I have been working on a number of concurrent requests for Oracle EBS and checking to see how I can improve the performance of some of the existing routines which do numerous updates and inserts. Not it is suggested that the updates be split up into BULK Collect and FORALL statements however this does ignore the fact that sometimes routines need to carry out calculations and checks in a certain order. It is not simply a matter of doing all the updates in one go so to keep the flow of the program I updated the routine to instead store the updates and inserts to various tables in a global temporary tables.
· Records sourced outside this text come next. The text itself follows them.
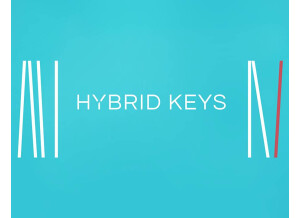 Native Instruments Hybrid Keys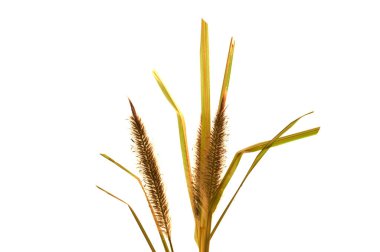 kuru bitki beyaz arkaplanda izole edildi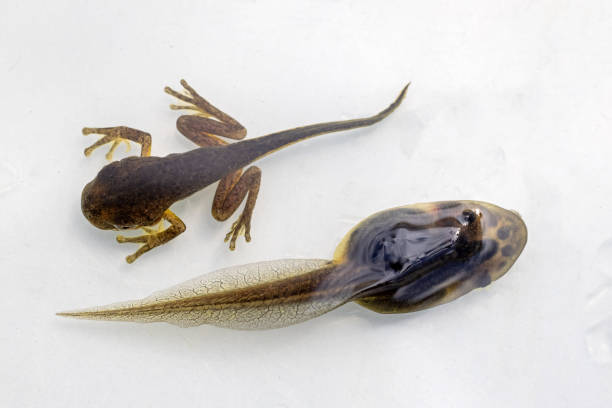 tadpoles - kikkervisje stockfoto's en -beelden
Then this global temporary table could be processed in a step by step basis as required.
So the declaration of the global temporary table was combined with the BULK Collect and FORALL in the below manner
tmp_tb IS TABLE OF tmp_table%ROWTYPE INDEX BY BINARY_INTEGER;
l_tmp tmp_table;
CURSOR update_cur
IS
SELECT *
FROM tmp_table
WHERE table_name = 'A_TABLE' AND action = 'UPDATE;
BEGIN
OPEN update_cur;
LOOP
FETCH update_cur BULK COLLECT INTO l_tmp LIMIT 200;
EXIT WHEN l_tmp.COUNT = 0;
FORALL i IN l_tmp.first .. l_tmp.last
UPDATE A_TABLE SET field1=l_tmp(i).field1 WHERE field2=l_tmp(i).field2;
END LOOP;
CLOSE update_cur;
END
The above logic can be used and parse the changes into the database while the population of the Global Temporary Table can be done in such a way that it mirrors the flow of the original program which dotted updates and inserts behind checks and calculations. This allows us to update the program while not disturbing the flow of the program but allowing it to process it’s updates and inserts efficiently.